Records from a data source:
****************

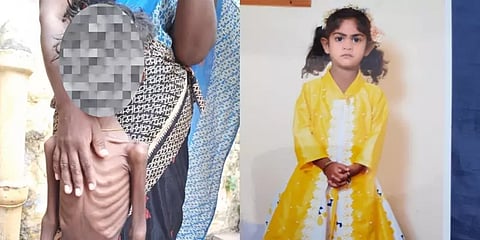 பிளிச்சிங் பவுடர் சாப்பிட்டதால் எலும்பும் தோலுமாக பரிதாப நிலையில் தென்காசி சிறுமி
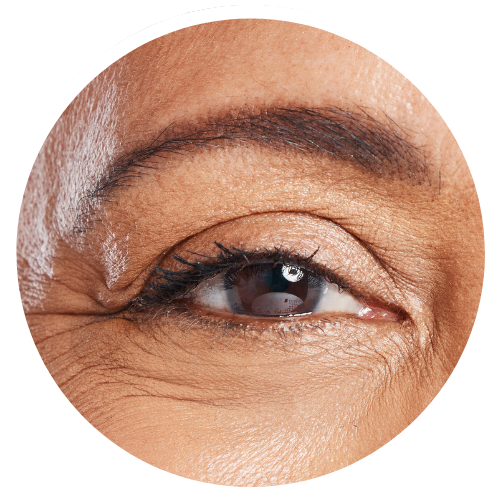 Under Eye Lines - Dynamic | Mizu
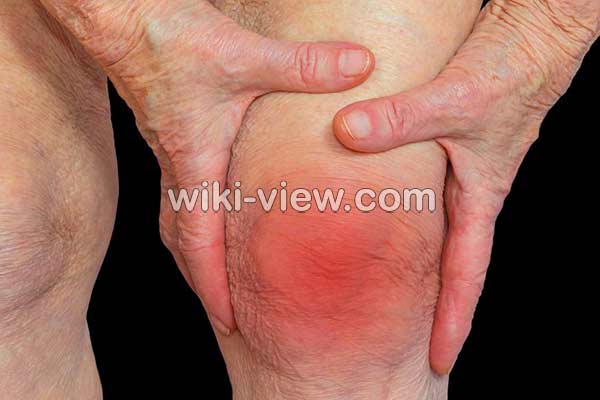 آرتریت, آرتریت چیست, علائم آرتریت, درمان آرتریت, عوارض آرتریت روماتوئید, آرتریت عفونی, آرتریت پا, درمان گیاهی آرتریت روماتوئید, آرتریت روماتوئید گردن, آرتریت روماتوئید جوانان, جدیدترین داروی آرتریت روماتوئید, درمان آرتریت روماتوئید در طب سنتی آرتریت, آرتریت چیست, علائم آرتریت, درمان آرتریت, عوارض آرتریت روماتوئید, آرتریت عفونی, آرتریت پا, درمان گیاهی آرتریت روماتوئید, آرتریت روماتوئید گردن, آرتریت روماتوئید جوانان, جدیدترین داروی آرتریت روماتوئید, درمان آرتریت روماتوئید در طب سنتی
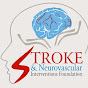 Agrim Stroke & Neurointervention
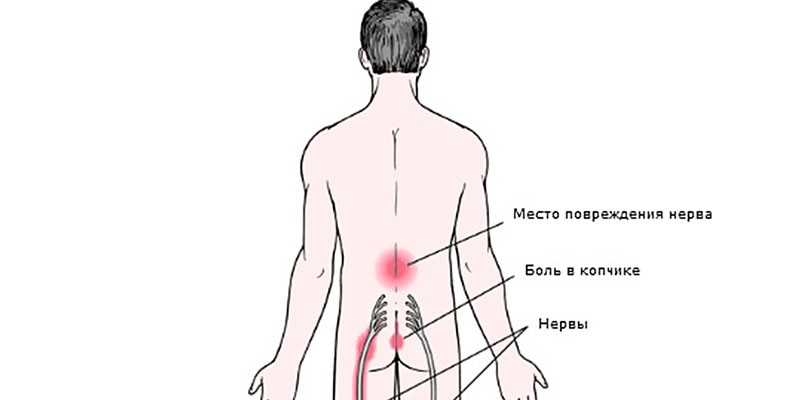 Схема поражения нерва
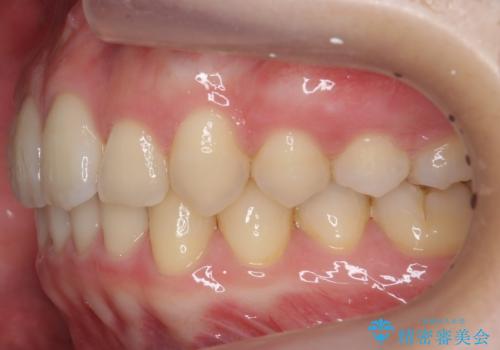深いかみ合わせ 出っ歯の治療 インビザラインでの治療後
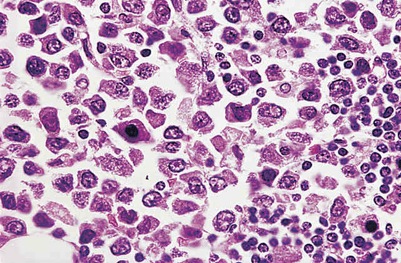 Richter’s transformation – prolymphocytes, large cells, or what? | Pathology Student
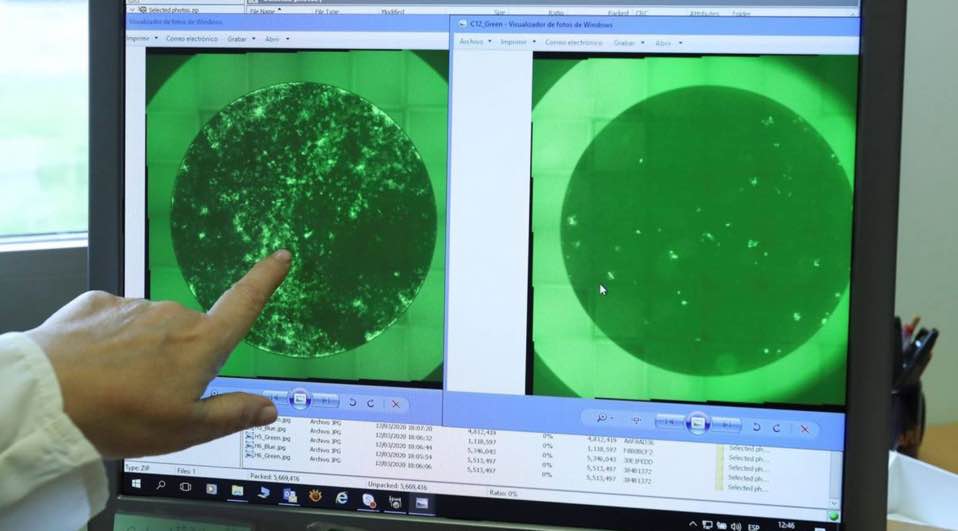 COVID-19: medicamento espanhol reduz a quase 100% carga viral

****************

### Exercise instructions
Exclude images. Return the data above verbatim.

### Result of this task
 பிளிச்சிங் பவுடர் சாப்பிட்டதால் எலும்பும் தோலுமாக பரிதாப நிலையில் தென்காசி சிறுமி
 Under Eye Lines - Dynamic | Mizu
 آرتریت, آرتریت چیست, علائم آرتریت, درمان آرتریت, عوارض آرتریت روماتوئید, آرتریت عفونی, آرتریت پا, درمان گیاهی آرتریت روماتوئید, آرتریت روماتوئید گردن, آرتریت روماتوئید جوانان, جدیدترین داروی آرتریت روماتوئید, درمان آرتریت روماتوئید در طب سنتی آرتریت, آرتریت چیست, علائم آرتریت, درمان آرتریت, عوارض آرتریت روماتوئید, آرتریت عفونی, آرتریت پا, درمان گیاهی آرتریت روماتوئید, آرتریت روماتوئید گردن, آرتریت روماتوئید جوانان, جدیدترین داروی آرتریت روماتوئید, درمان آرتریت روماتوئید در طب سنتی
 Agrim Stroke & Neurointervention
 Схема поражения нерва
深いかみ合わせ 出っ歯の治療 インビザラインでの治療後
 Richter’s transformation – prolymphocytes, large cells, or what? | Pathology Student
 COVID-19: medicamento espanhol reduz a quase 100% carga viral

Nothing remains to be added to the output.